[Directions for this task]
Only the lines of the data below from the one with "Der er stil" through the one with "Grandi appartamenti & piscina, tennis, orto" are wanted. Repeat them exactly.

[Raw data]
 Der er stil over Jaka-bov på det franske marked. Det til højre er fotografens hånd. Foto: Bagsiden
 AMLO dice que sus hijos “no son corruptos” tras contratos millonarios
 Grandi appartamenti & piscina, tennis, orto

...

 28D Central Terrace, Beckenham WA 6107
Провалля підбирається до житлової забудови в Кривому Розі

[Result of the exercise]
 Der er stil over Jaka-bov på det franske marked. Det til højre er fotografens hånd. Foto: Bagsiden
 AMLO dice que sus hijos “no son corruptos” tras contratos millonarios
 Grandi appartamenti & piscina, tennis, orto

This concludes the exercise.